The entries must be set down again word for word; no pictures belong in the copy.

(Stored items)
____

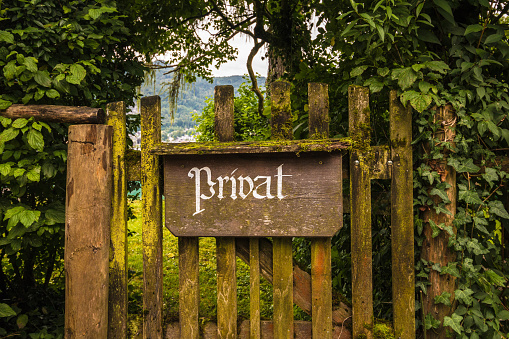 Vintage private sign in german language on an old wooden gate grown with moss and ivy and surrounded by trees.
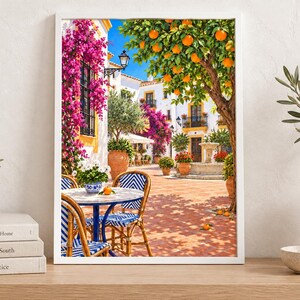 Puede incluir: Una l&aacute;mina de arte enmarcada que representa un soleado patio mediterr&aacute;neo con un edificio blanco, vibrantes buganvillas rosas, un naranjo, una fuente de piedra y una peque&ntilde;a mesa de bistr&oacute; con sillas de rayas azules y blancas en un patio.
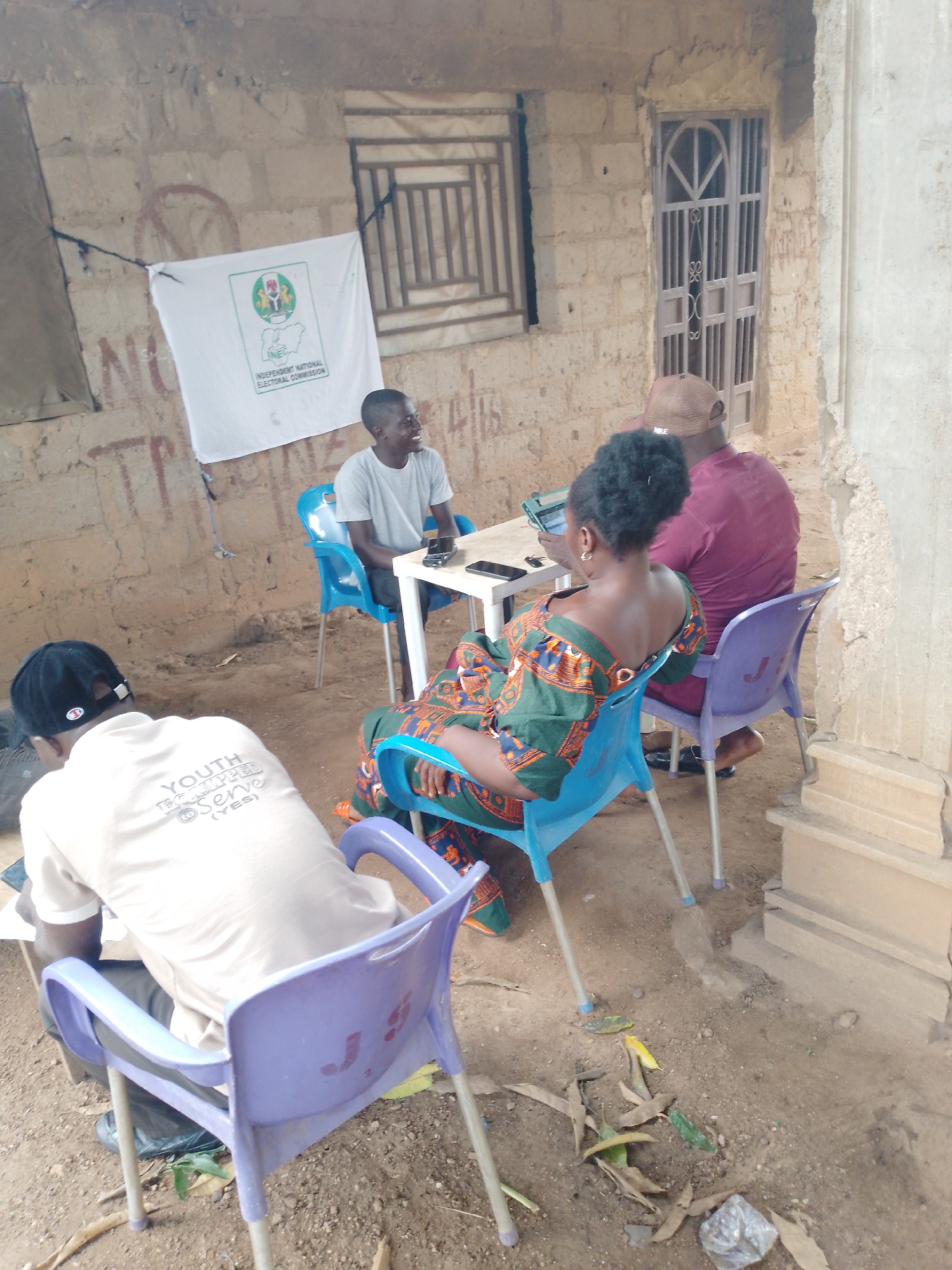The image depicts an outdoor scene, possibly a makeshift polling station or meeting area, in an urban environment. Four individuals are present. In the foreground, a person wearing a white t-shirt with the inscription "YOUTH EQUIPPED SERVE (YES)" and a black baseball cap is seated, facing away from the camera, with papers in front of them. To their right, a woman wearing a colorful patterned dress is seated on a blue chair, looking towards a table where a man in a maroon shirt and a tan cap is seated. The man is looking at a tablet. A white banner with the logo of the Independent National Electoral Commission (INEC) is displayed on the wall behind the man in the maroon shirt. The environment consists of a dirt ground, a rough stone wall, and a barred doorway in the background. Fallen leaves are scattered on the ground.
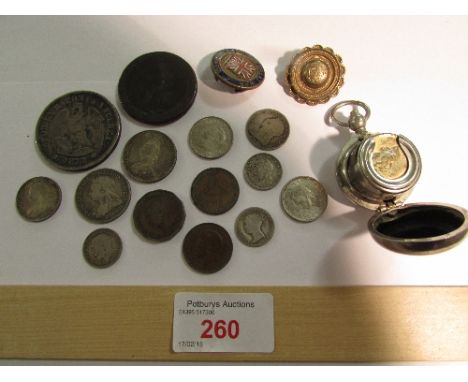 Base metal sovereign case, a Georgian cartwheel penny and small quantity of coins, a 'The Great War Comrades' enamel badge, a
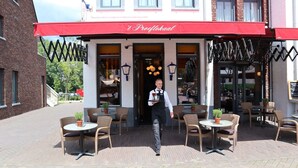 En restaurang med uteservering, ett rött markis och en servitör som bär ett bricka.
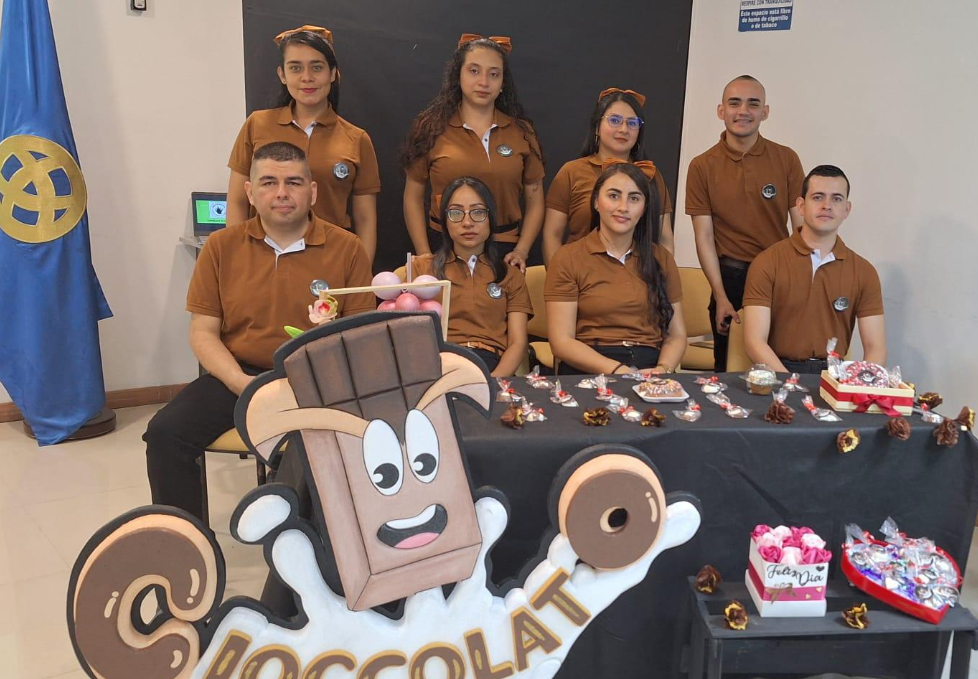 Ocho personas con camisas marrones a juego posan detrás de una mesa en la que se exponen dulces y regalos con temática de chocolate, que representan vivencias empresariales del Instituto de Capacitación Comfamiliar, con una mascota de chocolate de dibujos animados recortada y una bandera azul de fondo.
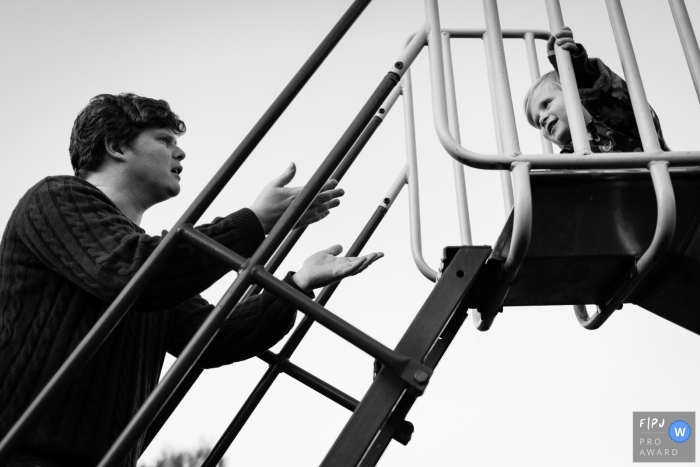 Photo by: <a href="https://www.fpja.com/documentary-family-photography-contests/alice-chapman/cambridgeshire/2095991">Alice Chapman - United Kingdom</a> A father tries to help his son down from a slide in this Family Photojournalist Association contest awarded photo created by a Cambridgeshire, England family photographer.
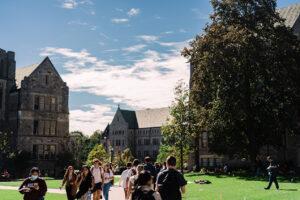 Students walk between buildings on a beautiful university campus.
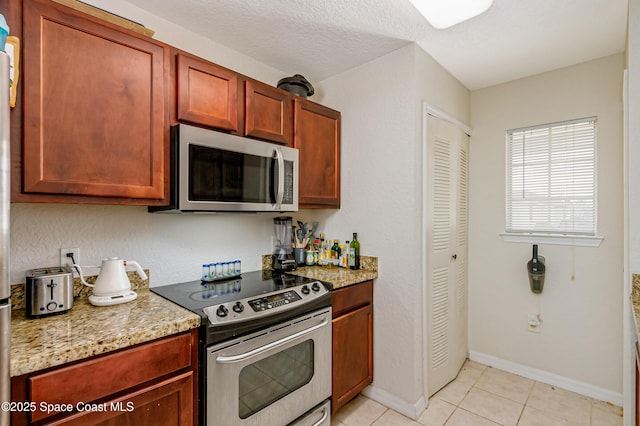 kitchen with light stone counters, light tile patterned flooring, a textured ceiling, and appliances with stainless steel finishes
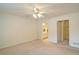 This is a spacious carpeted bedroom with a connecting bathroom and closet at 732 Jacoby Dr, Loganville, GA 30052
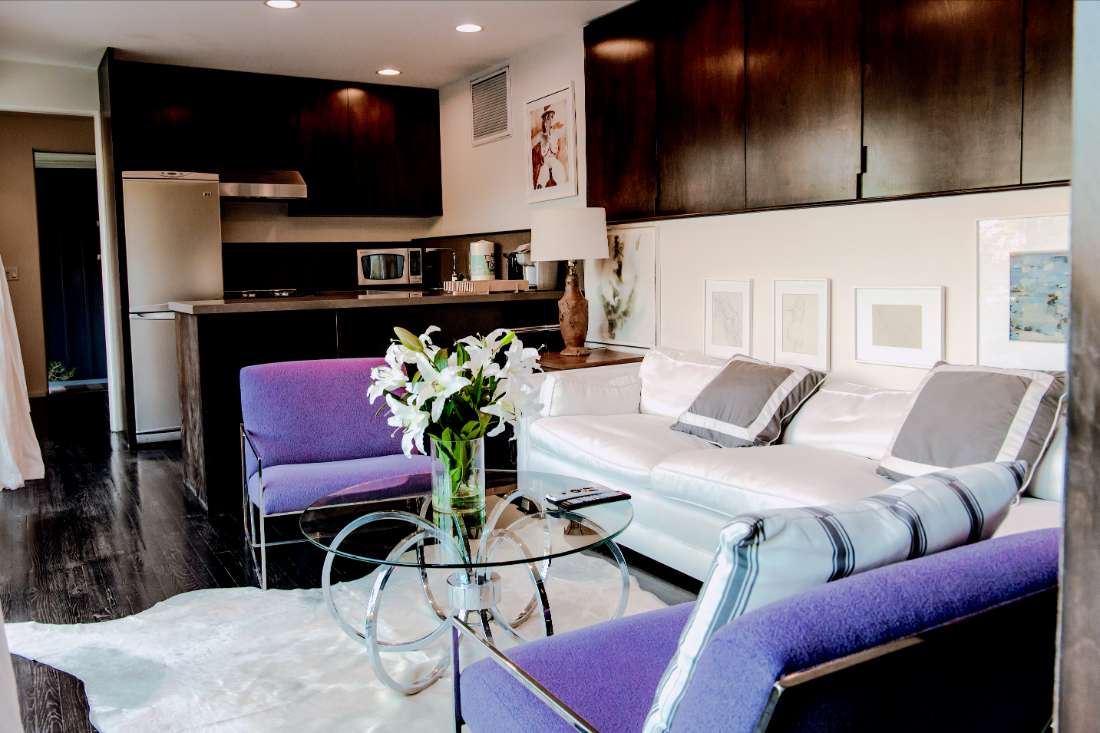 A living room with purple chairs and white furniture.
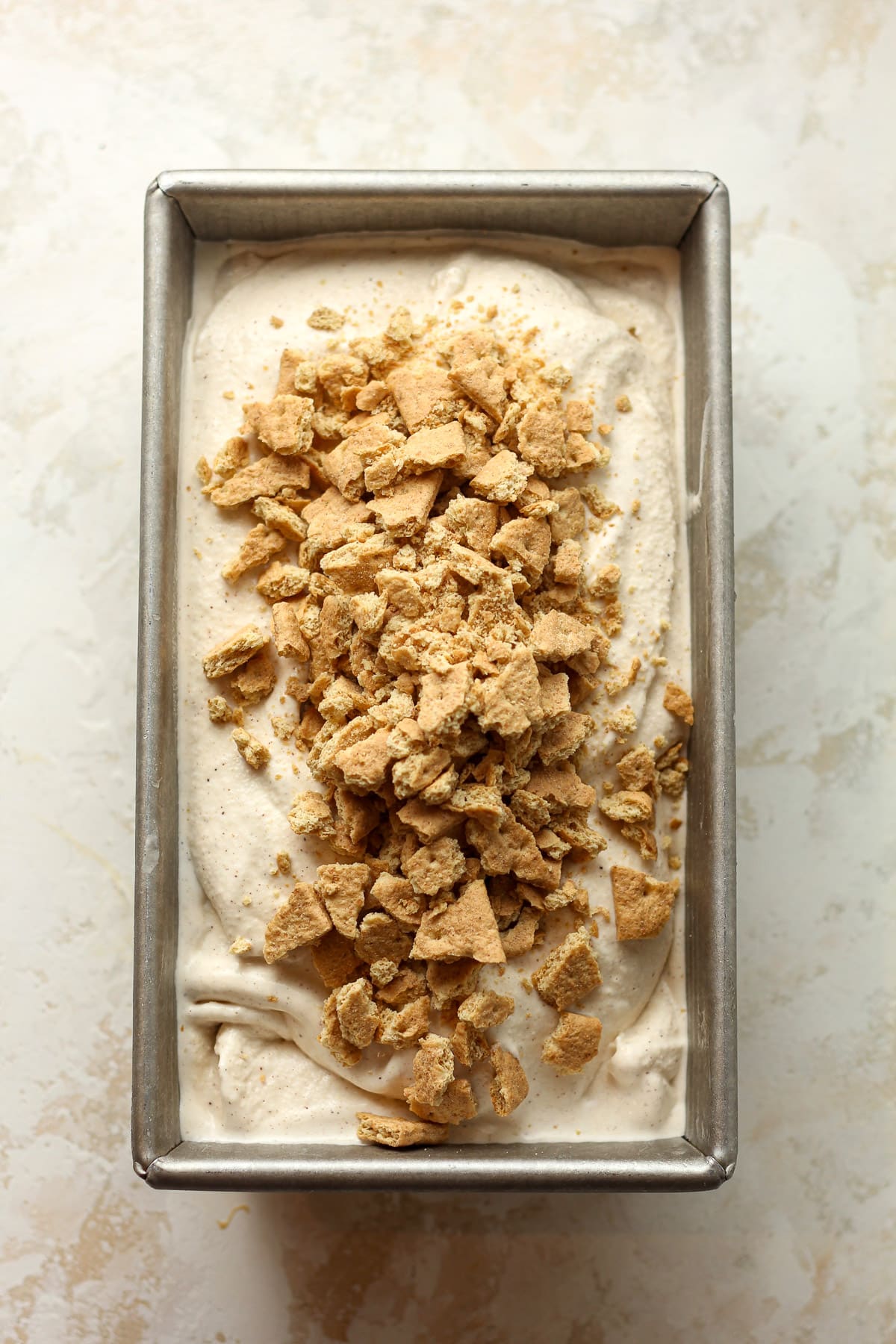 A loaf pan of cinnamon ice cream with graham crackers on top.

____

* **Task solution**:
 Vintage private sign in german language on an old wooden gate grown with moss and ivy and surrounded by trees.
 Puede incluir: Una l&aacute;mina de arte enmarcada que representa un soleado patio mediterr&aacute;neo con un edificio blanco, vibrantes buganvillas rosas, un naranjo, una fuente de piedra y una peque&ntilde;a mesa de bistr&oacute; con sillas de rayas azules y blancas en un patio.
The image depicts an outdoor scene, possibly a makeshift polling station or meeting area, in an urban environment. Four individuals are present. In the foreground, a person wearing a white t-shirt with the inscription "YOUTH EQUIPPED SERVE (YES)" and a black baseball cap is seated, facing away from the camera, with papers in front of them. To their right, a woman wearing a colorful patterned dress is seated on a blue chair, looking towards a table where a man in a maroon shirt and a tan cap is seated. The man is looking at a tablet. A white banner with the logo of the Independent National Electoral Commission (INEC) is displayed on the wall behind the man in the maroon shirt. The environment consists of a dirt ground, a rough stone wall, and a barred doorway in the background. Fallen leaves are scattered on the ground.
 Base metal sovereign case, a Georgian cartwheel penny and small quantity of coins, a 'The Great War Comrades' enamel badge, a
 En restaurang med uteservering, ett rött markis och en servitör som bär ett bricka.
 Ocho personas con camisas marrones a juego posan detrás de una mesa en la que se exponen dulces y regalos con temática de chocolate, que representan vivencias empresariales del Instituto de Capacitación Comfamiliar, con una mascota de chocolate de dibujos animados recortada y una bandera azul de fondo.
 Photo by: <a href="https://www.fpja.com/documentary-family-photography-contests/alice-chapman/cambridgeshire/2095991">Alice Chapman - United Kingdom</a> A father tries to help his son down from a slide in this Family Photojournalist Association contest awarded photo created by a Cambridgeshire, England family photographer.
 Students walk between buildings on a beautiful university campus.
 kitchen with light stone counters, light tile patterned flooring, a textured ceiling, and appliances with stainless steel finishes
 This is a spacious carpeted bedroom with a connecting bathroom and closet at 732 Jacoby Dr, Loganville, GA 30052
 A living room with purple chairs and white furniture.
 A loaf pan of cinnamon ice cream with graham crackers on top.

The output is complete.